September 20, 2019
As the cyberthreat landscape darkens each day, the term, cyber resilience is increasing in importance.
A cyber resilient company is in the best position to prepare for, respond to, and recover from a cyberattack. Being resilient, however, means much more than attack prevention or response. A cyber resilient enterprise can continue to function during an attack and is agile enough to adapt and recover from the incident.
While a protection-focused approach may have worked in the past, today’s enterprise must now move to adopt a strategy that is based more on endpoint resilience which, beyond protection, emphasizes adaptability, exposure reduction, information gathering and discovery.
Cyber resilience transcends technology and can protect the interests of everyone involved, including the C-suite, staff, shareholders, and the board of directors.
Resilience comes down to having a self-healing capability. Think of it this way: if your company must rely on an external source to resurrect you, then you can’t call yourself resilient. Only those organizations with a self-healing property (being able to recover without human intervention) can be truly classified as resilient.
Ultimately, if the organization has its eye on becoming more resilient, then it must incorporate technologies with the capacity of self-healing. Running around putting things back together isn’t the preferred state of a resilient enterprise.
In the hardware world, we buy and deploy redundant systems: multiple firewalls, routers, switches, clouds, and cables.
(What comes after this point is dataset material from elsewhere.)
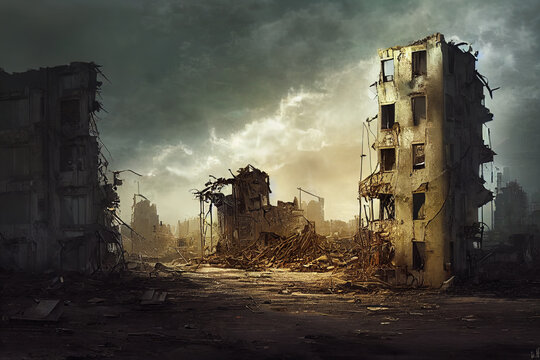 Destroyed city background Stock Illustration | Adobe Stock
We do this because we expect our hardware defenses to fail; there’s even a name for it: “failover”. The other term used often is High Availability, which just means more hardware deployed for failover.
In the software universe, the equivalent is resilience. But unlike hardware, you can’t just have clones of the same tools, controls, apps, and agents that play understudy to the primary control. When the primary control fails, the clone steps into the spotlight is not an idea that exists with software.
So, enterprises need to rely on resilient software controls, apps, and agents. But the only way you can claim you are resilient is if you have a self-healing capability. Without it, you don’t have the replacement, so there is no failover. It’s a crack in your security fabric.
While this resiliency may sound daunting and difficult to achieve, thankfully there is an existing framework from which the enterprise can leverage to improve their resiliency. The NIST Cybersecurity Framework (NIST CSF) outlines specific actions that organizations can perform to see success in their cybersecurity programs.
Related: See Everything With the NIST Cybersecurity Framework
The five pillars or actions of the NIST CSF are:
IDENTIFY
PROTECT
DETECT
RESPOND
RECOVER
Each focal point of the NIST CSF is designed for resilient cyber defense and protection and aims to ensure data confidentiality, integrity, and availability. Much of the work that’s needed to be resilient is simply doing the basics: patching, strong authentication, control monitoring, etc.
What’s practical about something like NIST CSF (or CIS Top 20 or ISO or any others for that matter) is that it is a blueprint. Just like a blueprint to a building, the CSF is like having the architect’s plans for a well-engineered structure.
With NIST in particular, the goal is resilience —especially in the protect and recover sections. The Protect (initial resilience) and Recover (learn and grow more resilient) steps are emphasized as the target/goal.